A total of 230 more deaths have been reported: Limpopo 122, KwaZulu-Natal 27, Eastern Cape 24, Gauteng 21, Western Cape 19, Mpumalanga 10 and Free State 7. No fatalities were reported in North West and the Northern Cape.
The total number of deaths now stand at 48 708. The number of recoveries has risen to 1 403 214, representing a recovery rate of 93.6%.
The cumulative total of tests conducted to date is 8 807 299, with 34 556 new tests recorded since the last report.
South Africans have widely adopted face masks to counter the threat of Covid-19 but are slipping on social distancing and hand washing.
This is according to the latest National Income Dynamics Study — Coronavirus Rapid Mobile survey (Nids-Cram)
Reported mask wearing has increased for all groups over time, irrespective of Covid-19 beliefs, the survey shows.
In July-August, 74% of respondents reported mask wearing, increasing to 78% in November-December.
Hand washing, however, decreased over the same period from 60% in July-August to 53% in November-December, and physical distancing also decreased.

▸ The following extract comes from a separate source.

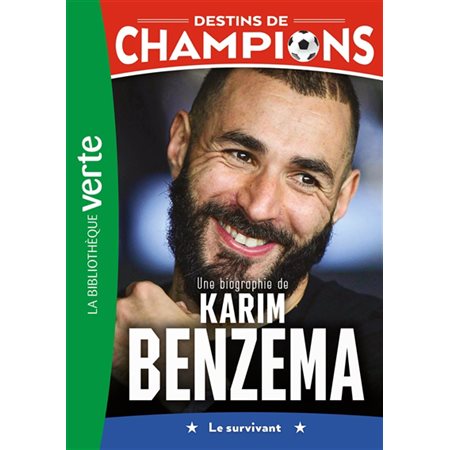 Une biographie de Karim Benzema : le survivant, Destins de champions, 4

In the latest survey, fewer respondents think they will get Covid-19 and more now believe they can avoid getting it.
Meanwhile, only 55% of black people in England aged between 70 to 79 had been vaccinated against Covid-19 by February 11, compared to 86% of white people in this age group, according to early research on England's coronavirus vaccination programme.
Among people from South Asian backgrounds the figure stood at 73 percent, according to a study by OpenSafely, run by the University of Oxford and the London School of Hygiene and Tropical Medicine.
These ethnic groups have been particularly hard hit by Covid-19 with a disproportionate number of deaths. Government advisers have said that factors such as living circumstances and profession are driving the increased risk.